The complete fall of the Euro could take Europe back to the 1930s. That is why the Greek crisis is rapidly becoming a pan-European crisis. In the face of the abyss, some of the politicians are beginning to panic.

Yet, there is also the conundrum of what would happen if Greek withdrawal were actually to take place in an orderly fashion, and that this helped to stabilize the Greek economy? In fact such a stabilization is likely to be many years away, no matter what happens: such is the scale of the crisis today, but let us make an assumption that Greece manages an orderly exit. In such circumstances, would not the pressure on other ill-fitting members lead to the complete breakdown of the currency bloc? I think the answer is that the peripheral states, such as Portugal and Spain may well follow suit, but for Italy and Ireland the message is far less clear. To a great degree the Irish are more likely to be able to complete the policy prescription. In Italy, despite the growing crisis of competitiveness, coupled with the death throes of the Berlusconi (should that be Burlesque-oni?) era, the country remains fundamentally much stronger than its club-Med peers.
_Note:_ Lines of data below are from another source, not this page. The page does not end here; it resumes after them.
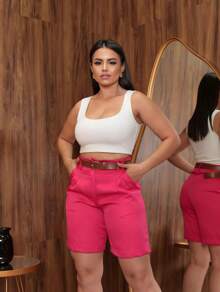 Women's Tailored Bermuda Shorts With Leather Belt - 玫紅色 - 查看 2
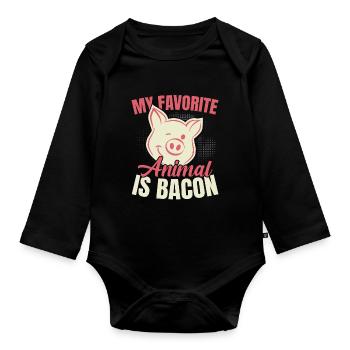 Mon animal préféré est l’amateur de viande de bacon Spec - Body Bébé bio manches longues - noir - Devant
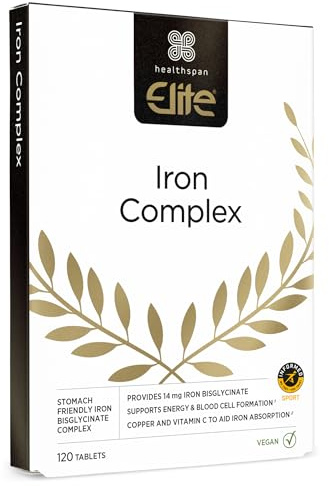Healthspan Elite Iron Complex 14mg (120 Tablets) | for Healthy Blood, Energy & Immunity | Stomach Friendly Iron | with Vitamin C to Aid Iron Absorption | Informed Sport Accredited | Vegan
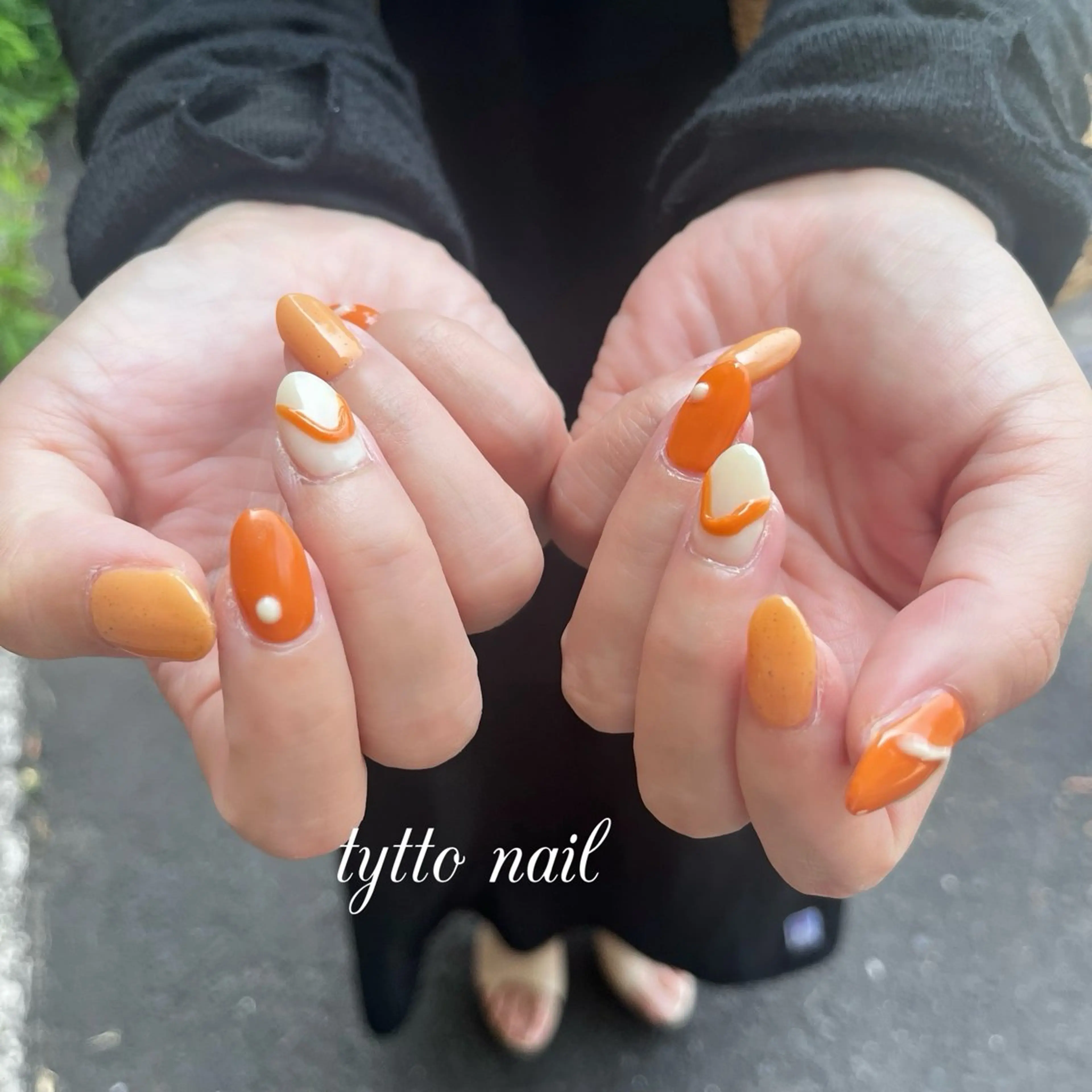 ネイル アートネイル 韓国ネイル ニュアンスネイル オフィスネイル オレンジ ハンドネイル tytto nail ❤︎‪‪eri‪‪のネイルデザイン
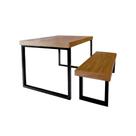 Conjunto Mesa Industrial Bernardo 1,50m Ferragem Preta com Banco Industrial Bernardo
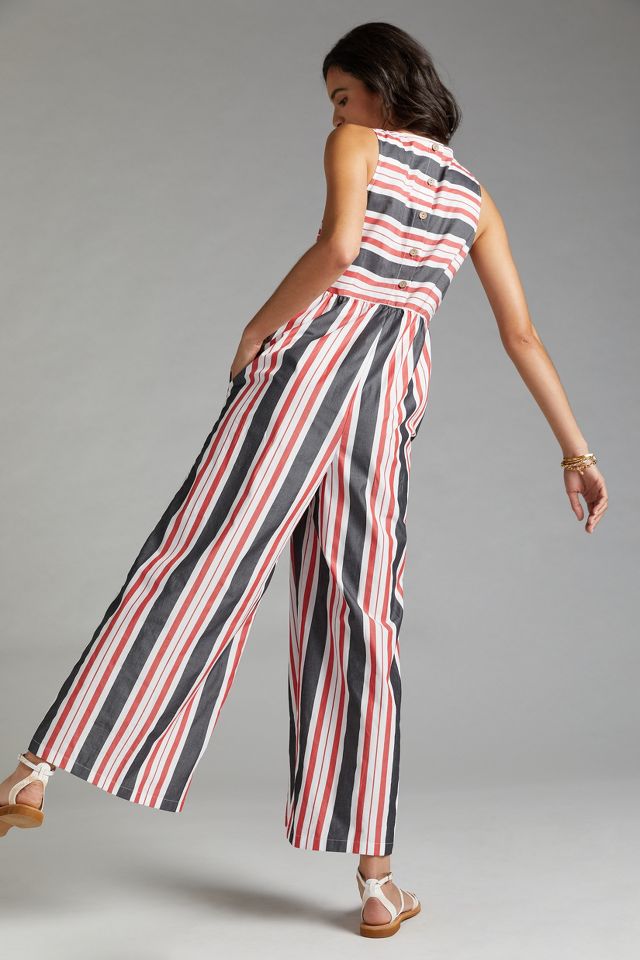 Anthropologie Maeve Pink Stripe V Neck Wide Leg Sleeveless Jumpsuit Women  Size 2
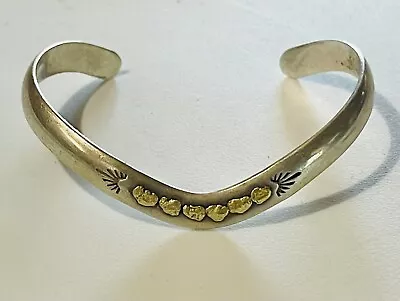 Vintage SW American 925 Sterling Silver Lucky Nugget 22k Cuff Bracelet 12.7g • $75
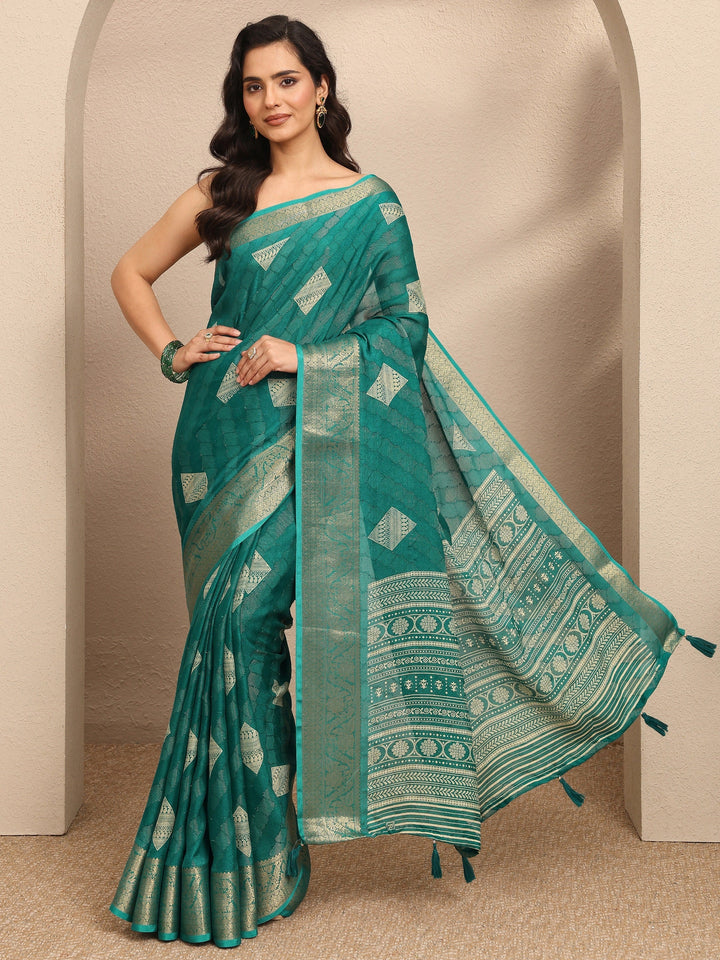 Green Paisley Woven Design Georgette Saree With Unstitched Blouse Piece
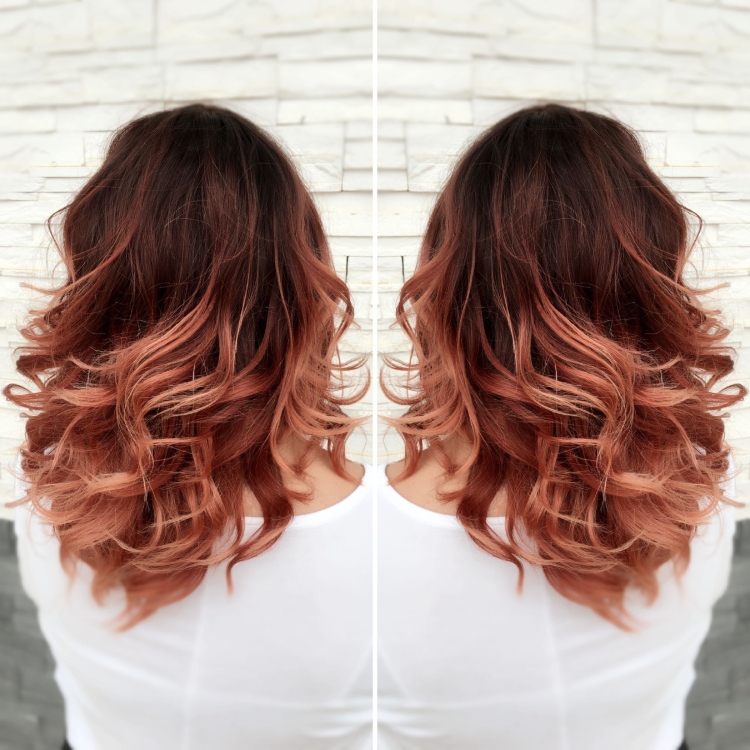 Каштановый омбре на средние волосы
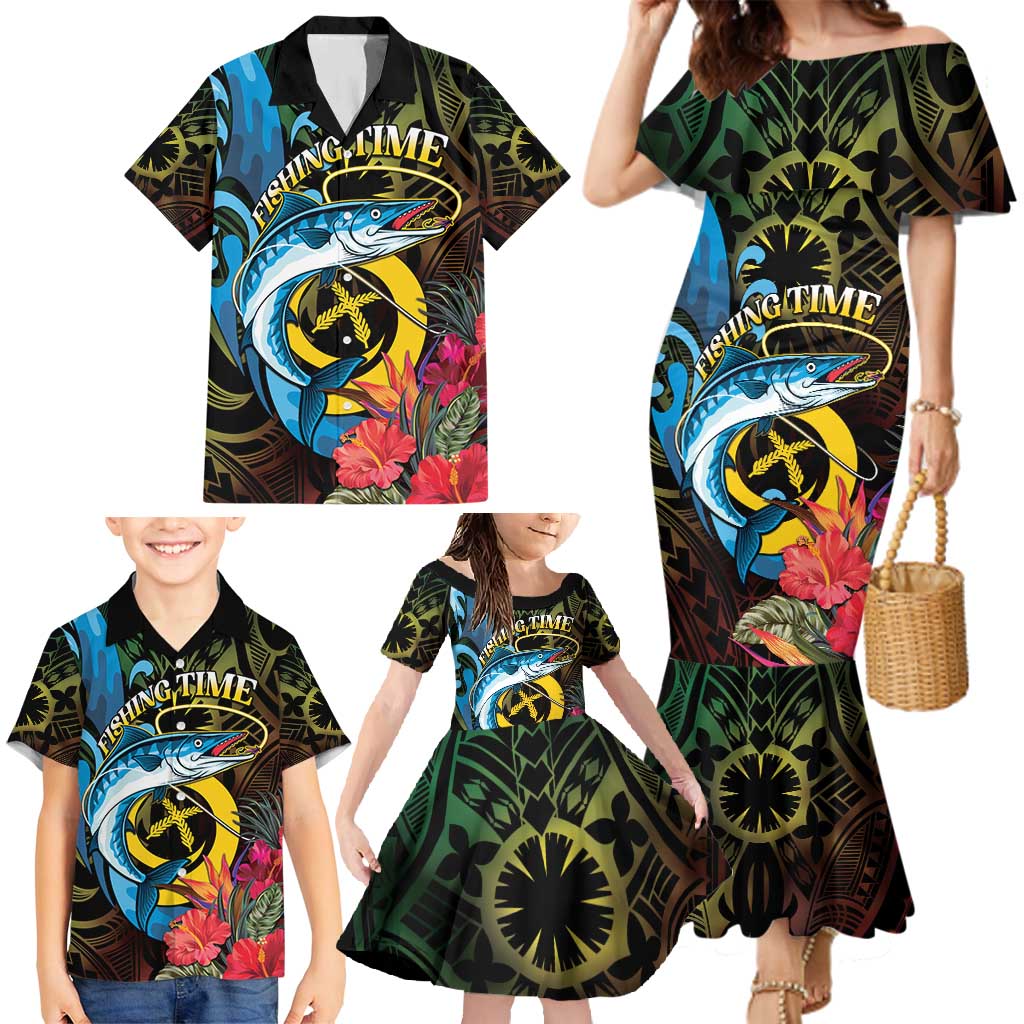 Vanuatu Fishing Family Matching Mermaid Dress and Hawaiian Shirt It's Time To Fish LT05 - Polynesian Pride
The fact remains that a Euro is likely to survive.

That may be a Euro pared back to its core: Germany, Austria, BeNeLux, Finland, Estonia, Slovakia and Slovenia say: a Greater D-Mark; or with the continued participation of France, Italy and Ireland, it may remain something quite like the Euro we know today.

In the face of what is happening, some very cool heads indeed are now needed, yet the transfer of authority in the IMF with the exit of DSK and the ECB itself with the forthcoming exit of Jean-Claude Trichet makes the question of leadership in the crisis itself a tricky question ("who voted for Mario Draghi?" is a question already being posed by journalists).

However, even a default and Euro exit of Greece or indeed the gamut of the PIIGS states, would most likely still leave the Euro in existence: shorn of its more prickly weaker members, it may even face an new situation: the problem of too much strength.

Hold on to your hat, it is going to be a very bumpy ride in the next few weeks.